Serena said she felt like a “Warrior Princess” when she wore her catsuit outfit however it wasn’t the first time a catsuit had been worn at a major tennis tournament. In 1985 tennis player Anne White made the tennis officials at Wimbledon clutch their pearls when she wore an all white catsuit with leg warmers (remember it was the 80’s). It was politely suggested she change her outfit for her remaining matches (which she did).
Just recently at the 2018 US Open, tennis player Alize Cornet courted controversy when after an outfit change due to extreme heat, she realized her top was on backwards. After moving court side, Cornet quickly removed her top briefly exposing her black sports bra. The chair umpire informed her that she would receive a code violation for removing her shirt on the court (something male players seem to do without any rebuke).
The incident caused an immediate media uproar identifying the sexist action forcing the United States Tennis Association to rapidly issue an apology to Cornet. They stated that she did not break any rules and will not receive a violation. Although it may not have been the chair umpire’s intention to bring upon so much attention to her tennis outfit, that is what is the match is being ultimately remembered for and not the formable game she played.
This year at the 2018 US Open we saw Serena Williams start off her first match by displaying her love for fashion in a one sleeve tutu by Nike with fishnets stockings that was not only stylish but enhanced the fluidity of her movements while playing. Throughout her matches she delightfully surprised the audience with her fashion aplomb which on any other player would have dominated the attention but with her magnificent sportsmanship we can easily recall her moves on the court as well.

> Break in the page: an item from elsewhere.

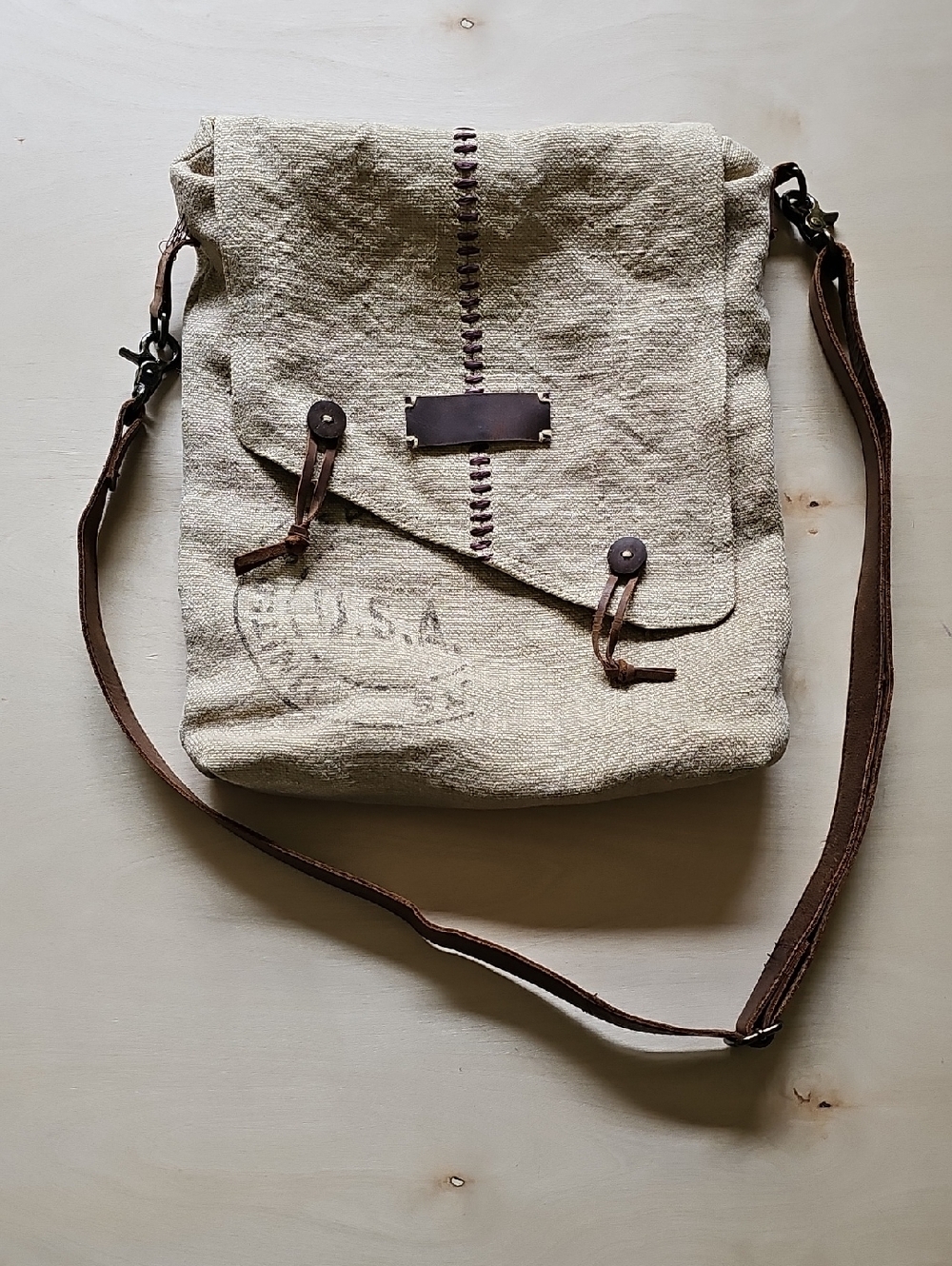 Myra Bag Natural Canvas Crossbody with Brown Leather Trim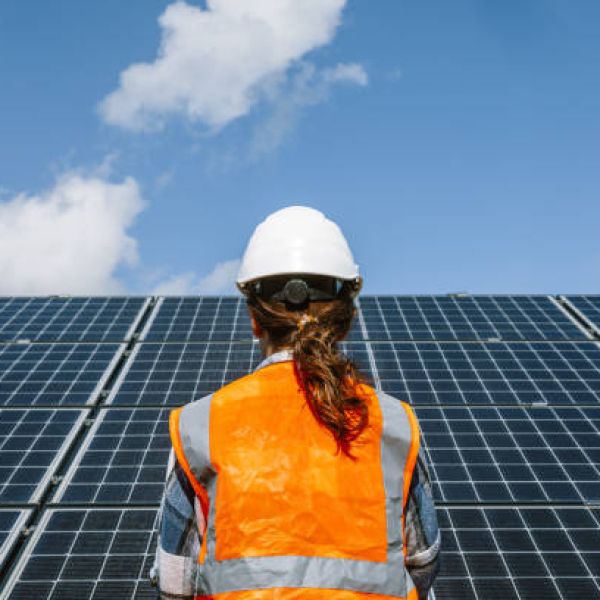 Solar engineer with a pony-tail and hard hat on looks at solar panels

Women’s tennis wear has been able to evolve throughout the ages otherwise women players would still look like Victorian ladies, covered in long white dresses with puffy sleeves. Throughout the last 140 years as women’s rights and fashion evolved so did the tennis outfits and their rising hemlines. Although there was always guidelines and rules during tournaments, it was women players throughout the ages taking chances in fashion that gradually led to what women players can wear today.
With the advancement of technology in textiles for sportswear both women and men should be allowed to wear outfits that help improve their game with comfort and ease. The reason Wimbledon players donned tennis whites in the first place was because you can see perspiration less with white, yet with the advancement of textiles Wimbledon is still fanatical with rules on tennis whites. If a particular fabric or particular style helps you perspire less and play better, why shouldn’t a player wear it?
Fashion is a reflection of our civilization and culture. Monitoring and policing professional tennis tournaments at this point in contemporary society is not an example of evolving. There is a reason Athleisure wear is all the rage now; women want to go about their day looking as stylish as they can but not sacrifice comfort, why would this be any different for sports? Luckily brands such as Nike, Adidas, Lululemon, Athleta and outstanding rising NYC based fashion forward brand Inphorm are spearheading the evolution of combining fashion and function. While tennis associations can always provide guidelines for their players hopefully they will be open minded enough especially in the #MeToo age to regard a woman’s right to not be told what they should wear.
When tennis associations (or any sport association) decide to let up on strict rules and regulations regarding the fashion aspect of sports wear perhaps in the future it will not be first thing that people or the media pay attention to but the player's sportsmanship and talent. Fashion could then be the secondary fun topic it was always meant to be.